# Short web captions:
..........

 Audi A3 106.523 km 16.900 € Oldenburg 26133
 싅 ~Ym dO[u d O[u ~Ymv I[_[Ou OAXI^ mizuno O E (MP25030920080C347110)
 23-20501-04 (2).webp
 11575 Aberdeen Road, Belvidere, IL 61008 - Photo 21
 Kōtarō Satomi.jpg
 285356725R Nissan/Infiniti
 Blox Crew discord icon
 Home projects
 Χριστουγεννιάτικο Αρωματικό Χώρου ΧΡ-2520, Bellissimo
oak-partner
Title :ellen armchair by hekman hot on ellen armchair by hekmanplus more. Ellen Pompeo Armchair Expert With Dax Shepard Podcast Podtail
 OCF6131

..........

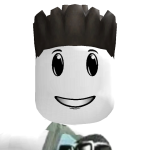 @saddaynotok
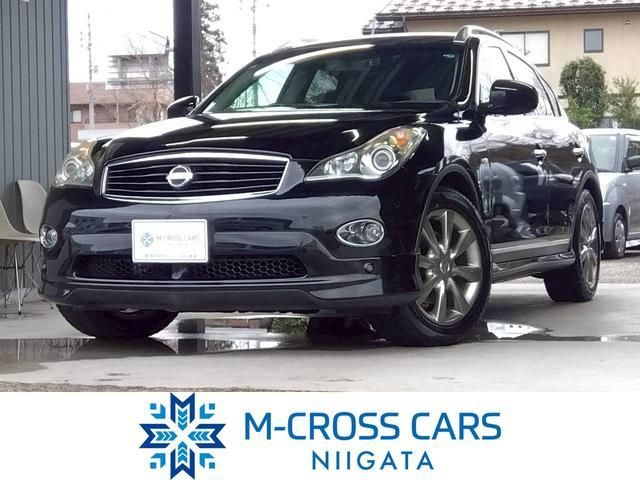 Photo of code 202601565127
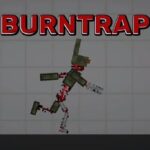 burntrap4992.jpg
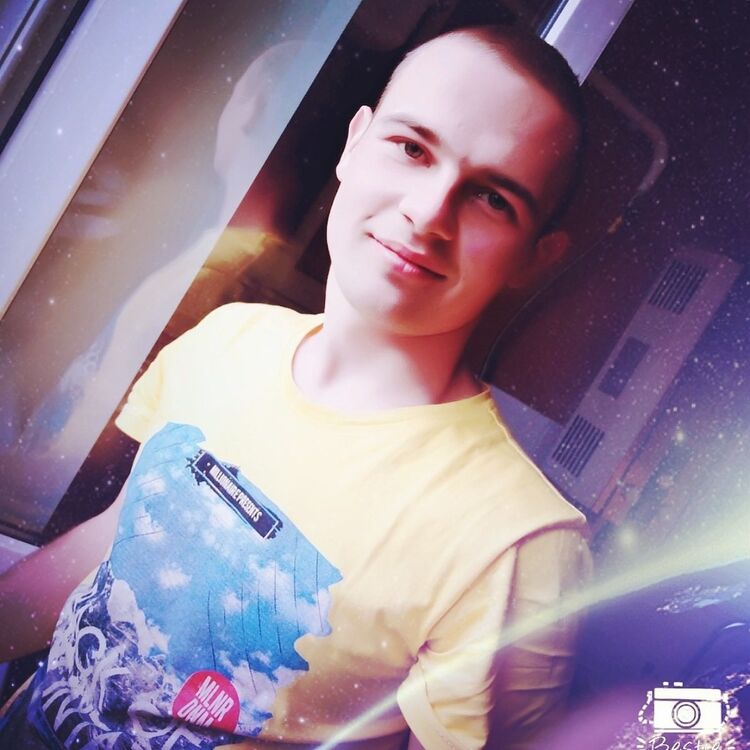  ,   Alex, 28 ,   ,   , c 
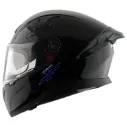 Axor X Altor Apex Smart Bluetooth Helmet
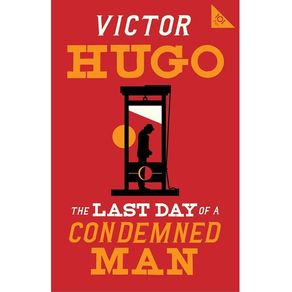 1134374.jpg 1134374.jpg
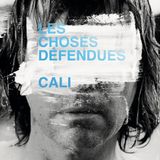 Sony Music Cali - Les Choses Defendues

..........

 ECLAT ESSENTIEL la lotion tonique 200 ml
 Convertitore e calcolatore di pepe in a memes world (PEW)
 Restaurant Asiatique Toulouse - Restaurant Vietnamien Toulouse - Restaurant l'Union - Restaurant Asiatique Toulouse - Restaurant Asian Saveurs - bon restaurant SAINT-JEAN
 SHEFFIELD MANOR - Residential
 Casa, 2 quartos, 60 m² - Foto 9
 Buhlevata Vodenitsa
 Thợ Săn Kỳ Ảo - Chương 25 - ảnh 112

..........

# EXERCISE BRIEF:
Write down exactly the span of lines above from the one containing "Audi A3 106.523 km 16.900 € Oldenburg 26133" to the one containing "Title :ellen armchair", both ends included.

# EXERCISE RESULT:
 Audi A3 106.523 km 16.900 € Oldenburg 26133
 싅 ~Ym dO[u d O[u ~Ymv I[_[Ou OAXI^ mizuno O E (MP25030920080C347110)
 23-20501-04 (2).webp
 11575 Aberdeen Road, Belvidere, IL 61008 - Photo 21
 Kōtarō Satomi.jpg
 285356725R Nissan/Infiniti
 Blox Crew discord icon
 Home projects
 Χριστουγεννιάτικο Αρωματικό Χώρου ΧΡ-2520, Bellissimo
oak-partner
Title :ellen armchair by hekman hot on ellen armchair by hekmanplus more. Ellen Pompeo Armchair Expert With Dax Shepard Podcast Podtail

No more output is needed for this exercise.